Employee Remuneration04/07/2022 0 By indiafreenotes
Remuneration may be defined as money received in the performance of work, plus many kinds of benefits and services that organisations provide their employees. Money is a direct compensation, known as wages, gross pay. Benefits are indirect compensation, it includes, life insurance, accident insurance, health insurance, employees contribution to retirement benefits such as gratuity, pension, pay for vacation, pay for illness/ sickness, simply it includes payment for welfare and social security.
It must be in proportion, to what services rendered by him/her to an organisation. Remuneration occupies an important place in the life of an employee. Therefore it must be adequate and fair. His or her all the needs should be satisfied by this remuneration. Employee remuneration is significant because of his contribution only the cost of production would be minimised. Remuneration or compensation is very important function of human resource management.

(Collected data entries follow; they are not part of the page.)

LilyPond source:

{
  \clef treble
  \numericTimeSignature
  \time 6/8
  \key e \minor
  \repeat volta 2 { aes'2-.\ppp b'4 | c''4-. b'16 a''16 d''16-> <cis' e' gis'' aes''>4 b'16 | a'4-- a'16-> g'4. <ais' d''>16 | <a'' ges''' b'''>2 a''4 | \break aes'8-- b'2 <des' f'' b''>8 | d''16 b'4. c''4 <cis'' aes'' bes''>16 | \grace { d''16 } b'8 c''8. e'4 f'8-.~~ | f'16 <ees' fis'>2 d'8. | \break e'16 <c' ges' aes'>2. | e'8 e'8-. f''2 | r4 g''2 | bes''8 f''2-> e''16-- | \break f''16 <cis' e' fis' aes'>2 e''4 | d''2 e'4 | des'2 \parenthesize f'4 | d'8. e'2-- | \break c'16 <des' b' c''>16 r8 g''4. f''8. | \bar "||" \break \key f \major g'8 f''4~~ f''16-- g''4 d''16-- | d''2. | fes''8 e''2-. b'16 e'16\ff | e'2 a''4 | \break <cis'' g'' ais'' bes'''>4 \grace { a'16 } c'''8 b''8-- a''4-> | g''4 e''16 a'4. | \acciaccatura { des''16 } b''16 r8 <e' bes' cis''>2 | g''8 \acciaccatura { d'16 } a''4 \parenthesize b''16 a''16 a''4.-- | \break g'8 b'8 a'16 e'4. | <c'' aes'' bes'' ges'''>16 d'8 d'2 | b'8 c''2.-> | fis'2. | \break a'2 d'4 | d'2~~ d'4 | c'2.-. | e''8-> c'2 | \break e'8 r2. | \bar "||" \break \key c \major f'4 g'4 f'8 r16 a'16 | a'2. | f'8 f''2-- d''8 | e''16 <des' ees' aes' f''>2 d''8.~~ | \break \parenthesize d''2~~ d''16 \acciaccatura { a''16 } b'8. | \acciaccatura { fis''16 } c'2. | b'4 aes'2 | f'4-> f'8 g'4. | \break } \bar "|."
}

Remuneration is concerned with needs, motivation and rewards. Managers, therefore, analyse and interpret the needs of their employees so that reward can be individually designed to satisfy these needs. It is very difficult for human resource management to fix wages and wage differentials, salaries acceptable to employees and their leaders.
Wage or salary is very important from employees point of view because it contributes a major share of their income. Pay is a powerful motivational factor. It provides recognition, a sense of accomplishment, social status.
(1) To acquire qualified competent personnel
(2) To retain the present /existing employees
(3) To secure internal and externals equity means similar wages for jobs within an organisation. External equity implies payment of similar wages to similar jobs in comparable organisations.
(4) To ensure desired / positive behaviour of employees.
(5) To enhance employee morale and motivation.
(6) To keep control on labour and administrative cost.
(7) To protect in public as progressive employers and to comply the wage legislation.
(8) To satisfy people/employees to reduce the labour turnover, grievances and frictions over pay inequities.
(9) To pay according to the content, challenges, difficulty, risk of the job and according to the effort and merit of the employees.
(10) To facilitate pay roll administration of budgeting and wage and salary control.
(11) To simplify and facilitate collective bargaining procedure and negotiations.
(12) To facilitate growth and survival of the organisation and to promote organisation feasibility.
It is a stable wage paid over a period of time; monthly, weekly or daily. It can also be considered as the normal rate for a specified level of output. Thus, for a particular job involving its varied requirements such as skills and training, it commands a price to get it done.
Dearness Allowance (DA):
The system of DA payment was used for the first time after World War I to enable the workers to meet the steep rise in prices of essential commodities such as foodstuffs. Although called by various names, the special allowance thus paid aimed at neutralising the high cost of living and protect the real wages of the wage earners. In other words, the major purpose of DA payment was to provide relief to the workers confronted with inflationary conditions by attempting to offset the cost of living with additional allowance.
Usually, the consumer price index (CPI) is issued to link DA with the cost of living. However, there prevail varying practices with respect to the fixation of DA across industries, regions, sectors and governmental and private undertakings. As National Commission on Labour (NCL) reports, “In some cases it was linked to the Working Class Consumer Price Index in others it was not. It was at flat rate and was applicable in some cases to all employees irrespective of their wages; in others, it varied according to wage or salary slabs. A graded percentage, linked to wages or salaries, was also prevalent.”
The overtime meets the exigencies of increased work load. Frequently, on working days, overtime rates are one and a half times the normal wage, while on holidays; these rates are two times the normal wage. However, in many work situations in India, it is used to accomplish vested interest to increase earnings. Indeed, the normal work is not done by workers unless their supervisors sanction the overtime.